Matiakh: Ich habe diese Chance sehr früh bekommen und war sehr gut vorbereitet. Ich hatte das Glück, in Wien wunderbare Lehrer zu haben. Das war sehr ernst und streng, unsere Professoren haben uns, Mann und Frau, immer gesagt: Ihr müsst auf eure Chance vorbereitet sein. Sie kommt plötzlich, und dann müsst ihr da sein. Dafür bin ich sehr dankbar. Für mich kam das auch früh, denn vor der ersten Stelle gibt es kaum Möglichkeiten, sich auszuprobieren. Und der Wettbewerb ist hart.
Frauen mit tollen Jobs haben mir oft gesagt, für sie sei der Weg viel steiniger gewesen als für Männer.

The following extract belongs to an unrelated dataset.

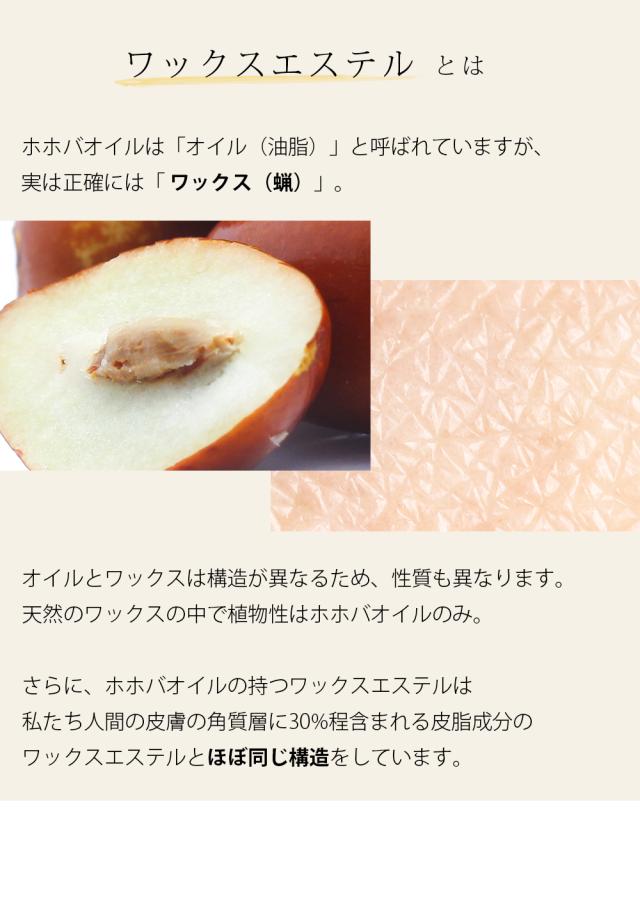 ワックスエステルとは ホホバオイルは「オイル（油脂）」と呼ばれていますが、実は正確には「 ワックス（蝋）」。オイルとワックスは構造が異なるため、性質も異なります。天然のワックスの中で植物性はホホバオイルのみ。さらに、ホホバオイルの持つワックスエステルは私たち人間の皮膚の角質層に30%程含まれる皮脂成分のワックスエステルとほぼ同じ構造をしています。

Matiakh: Bei mir nicht. Wir wurden gleich ausgebildet, und bei der Auswahl müssen wir uns gleich beweisen. Die Schwierigkeiten kommen eher danach, wenn es um die großen Positionen mit viel Entscheidungsgewalt und Macht geht. Das können wir Frauen natürlich auch. Das ist dann eher eine Frage des Vertrauens in uns Frauen. Ich bin ja nicht die erste Generation von Dirigentinnen, aber ich habe schon noch den Eindruck, dass man ab einer bestimmten Ebene an Verantwortung eher einen Mann nimmt als eine Frau.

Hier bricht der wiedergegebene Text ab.